EXERCISE GOAL :: The entries below contain pictures, which are to be left out; write out exactly, and only, the lines from the line with "Windsor mosaic sweater —" up to and including the line with "каваи telegram sticker".

DATA PROVIDED ::
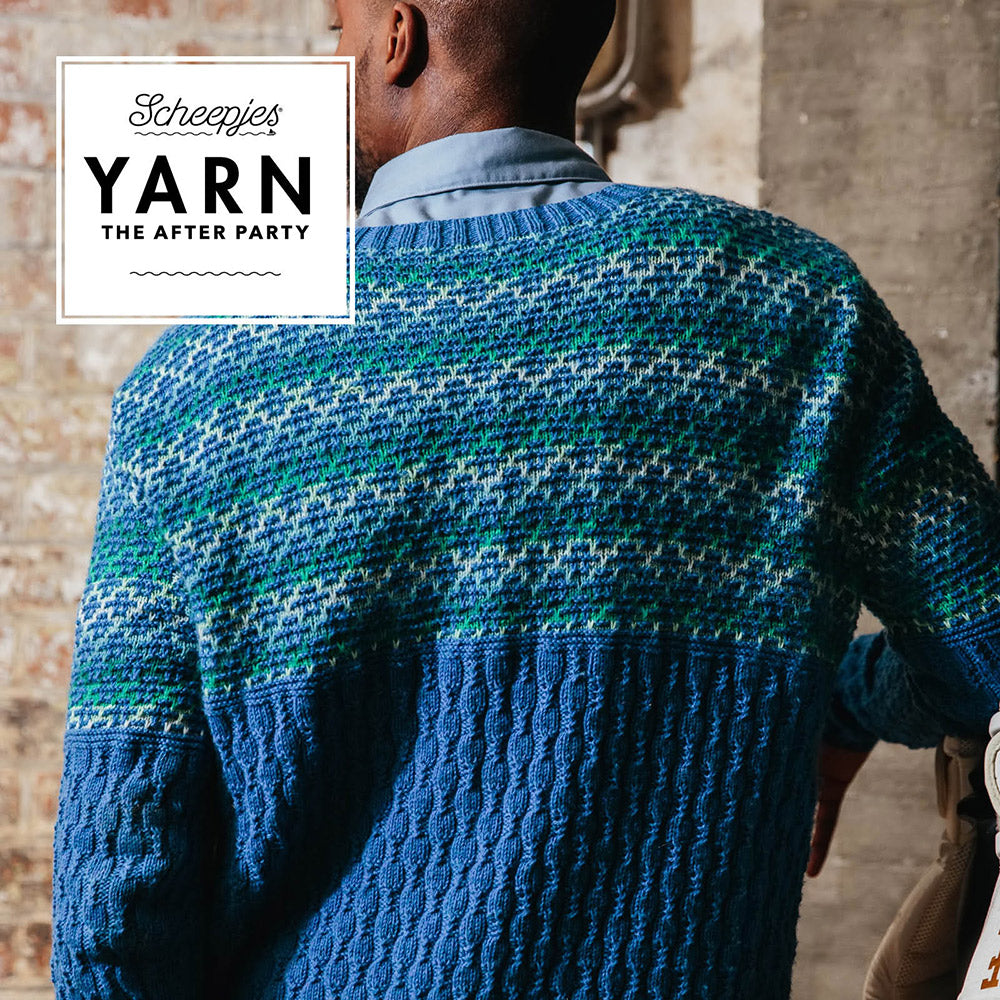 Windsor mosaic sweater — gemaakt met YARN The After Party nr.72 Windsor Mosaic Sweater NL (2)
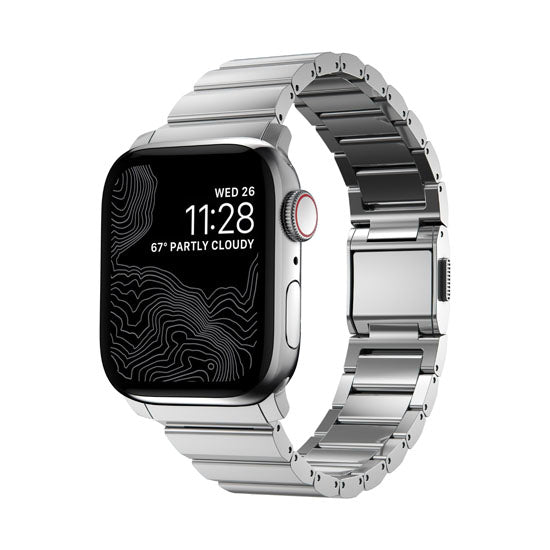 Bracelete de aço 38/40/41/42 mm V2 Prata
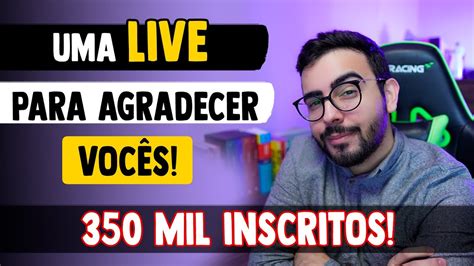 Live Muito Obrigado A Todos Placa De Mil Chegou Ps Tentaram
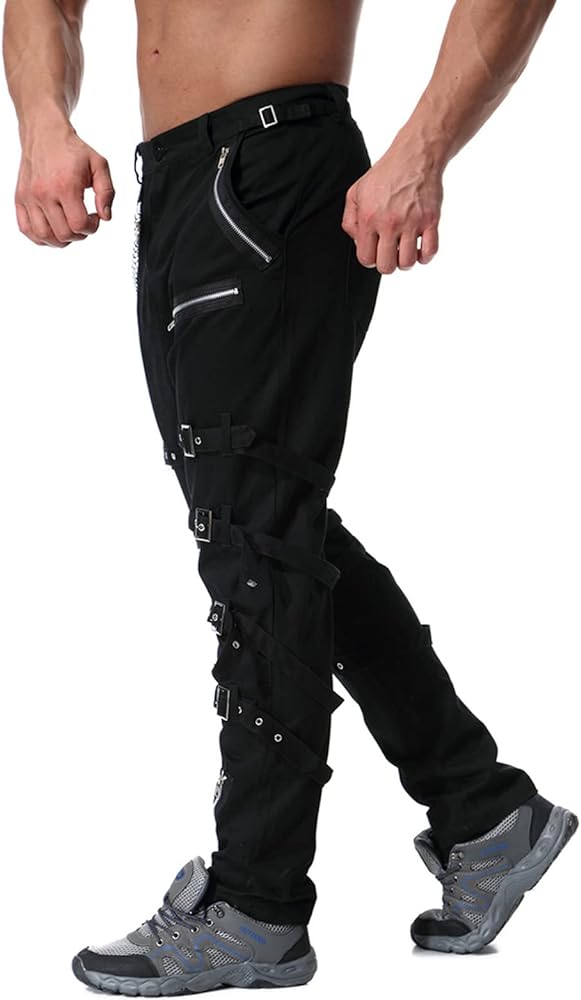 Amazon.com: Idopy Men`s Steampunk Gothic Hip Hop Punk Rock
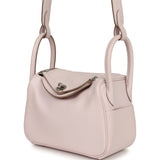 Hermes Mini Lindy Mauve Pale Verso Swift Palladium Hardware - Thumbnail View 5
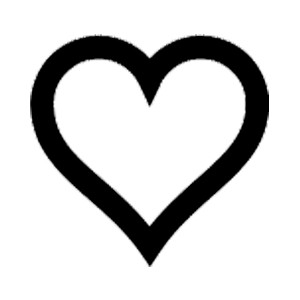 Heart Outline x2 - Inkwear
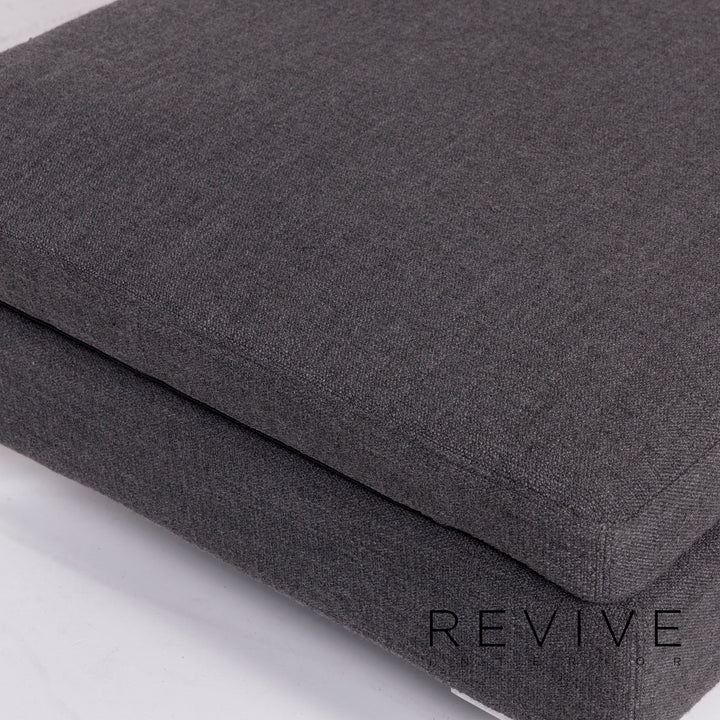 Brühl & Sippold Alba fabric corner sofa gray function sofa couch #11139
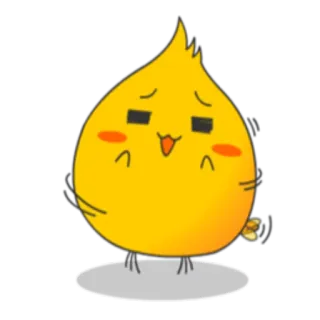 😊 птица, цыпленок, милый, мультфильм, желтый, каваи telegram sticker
---
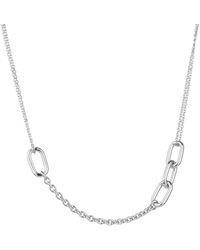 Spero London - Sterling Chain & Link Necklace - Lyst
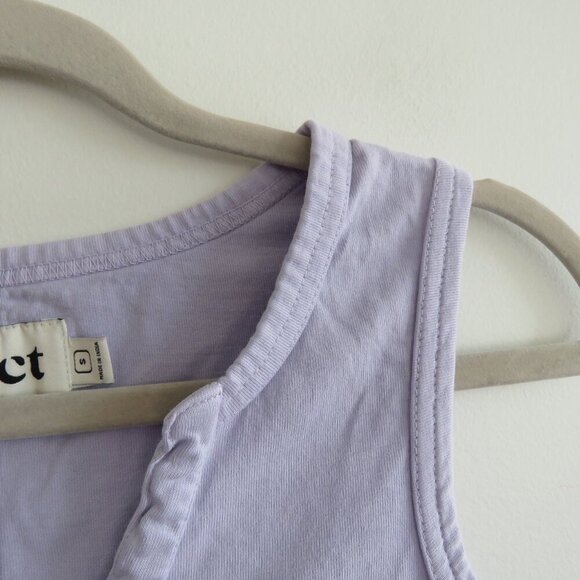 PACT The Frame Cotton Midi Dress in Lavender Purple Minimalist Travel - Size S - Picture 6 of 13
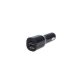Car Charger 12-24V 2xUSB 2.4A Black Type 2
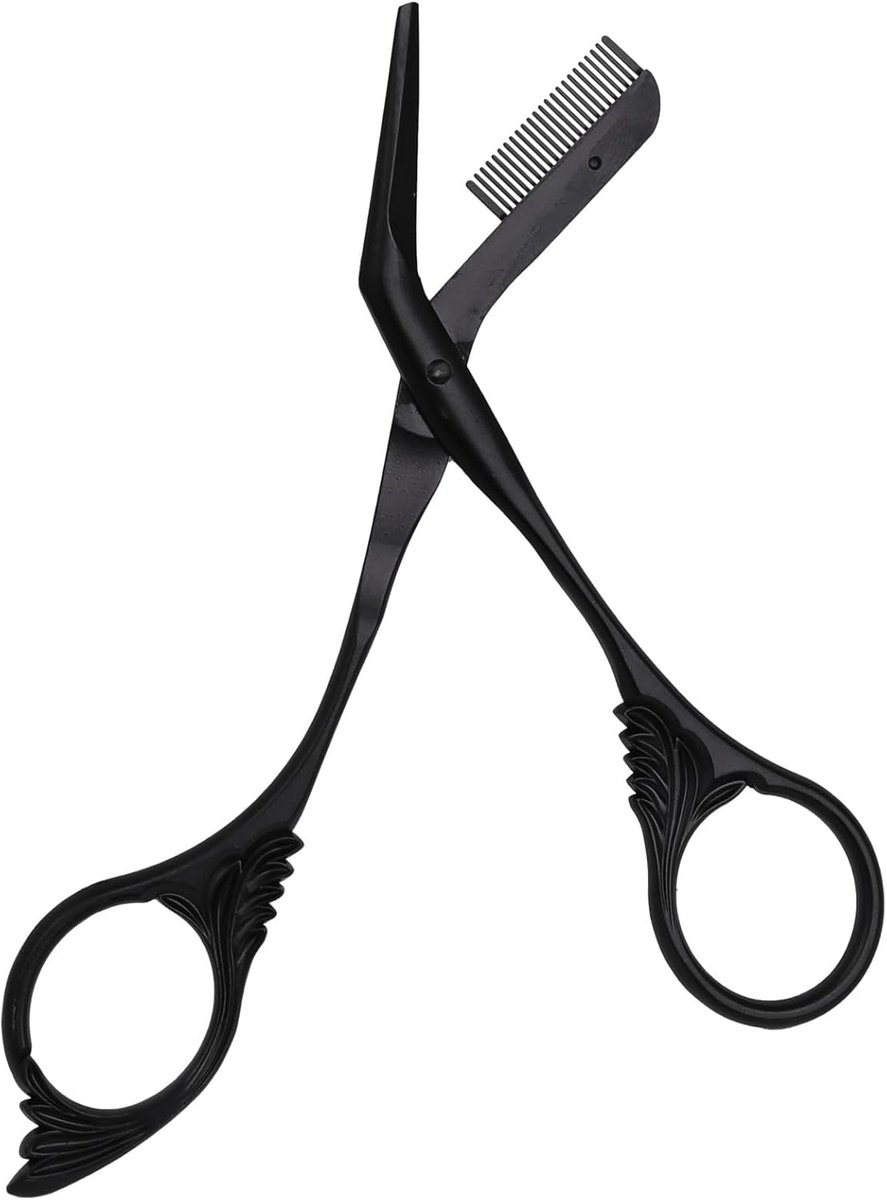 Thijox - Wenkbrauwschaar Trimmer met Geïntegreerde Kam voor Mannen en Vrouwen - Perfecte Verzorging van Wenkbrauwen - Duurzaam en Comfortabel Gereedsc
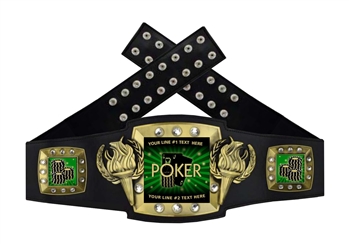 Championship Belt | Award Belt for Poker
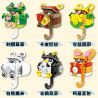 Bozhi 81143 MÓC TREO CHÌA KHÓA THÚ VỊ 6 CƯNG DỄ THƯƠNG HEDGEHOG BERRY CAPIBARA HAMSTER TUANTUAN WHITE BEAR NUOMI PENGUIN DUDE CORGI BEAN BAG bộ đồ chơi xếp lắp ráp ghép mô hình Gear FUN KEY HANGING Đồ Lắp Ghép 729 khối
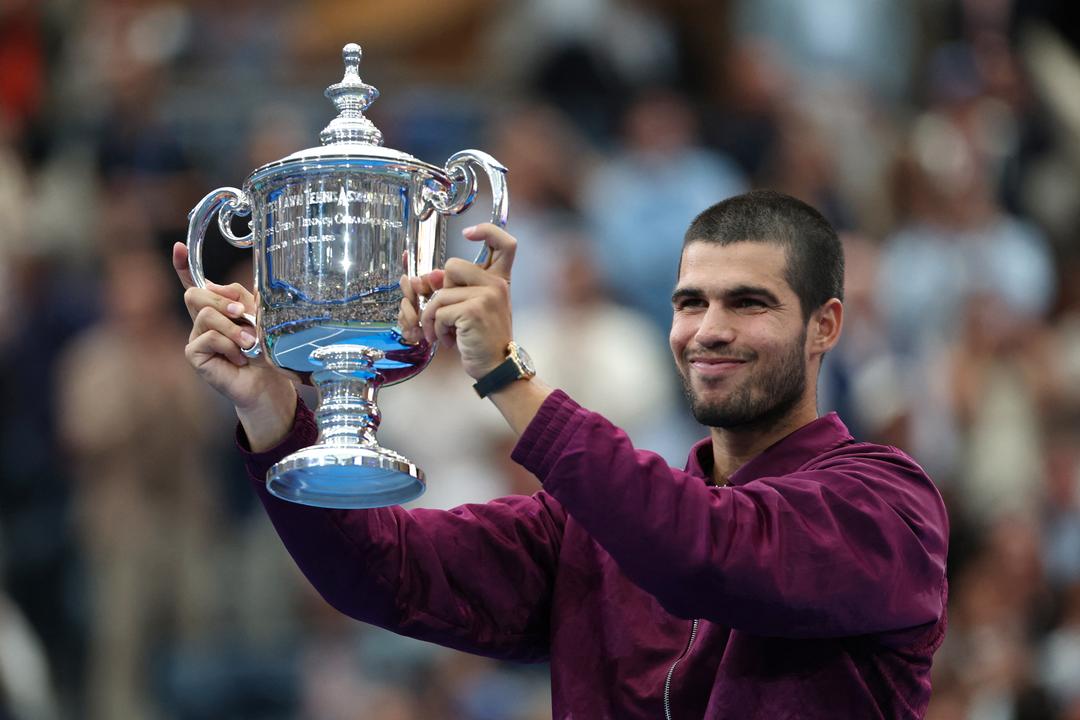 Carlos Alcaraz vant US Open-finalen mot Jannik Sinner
--
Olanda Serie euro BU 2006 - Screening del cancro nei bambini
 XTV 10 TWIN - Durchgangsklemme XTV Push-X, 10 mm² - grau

RESPONSE TO THIS TASK ::
 Windsor mosaic sweater — gemaakt met YARN The After Party nr.72 Windsor Mosaic Sweater NL (2)
 Bracelete de aço 38/40/41/42 mm V2 Prata
 Live Muito Obrigado A Todos Placa De Mil Chegou Ps Tentaram
 Amazon.com: Idopy Men`s Steampunk Gothic Hip Hop Punk Rock
 Hermes Mini Lindy Mauve Pale Verso Swift Palladium Hardware - Thumbnail View 5
 Heart Outline x2 - Inkwear
 Brühl & Sippold Alba fabric corner sofa gray function sofa couch #11139
 😊 птица, цыпленок, милый, мультфильм, желтый, каваи telegram sticker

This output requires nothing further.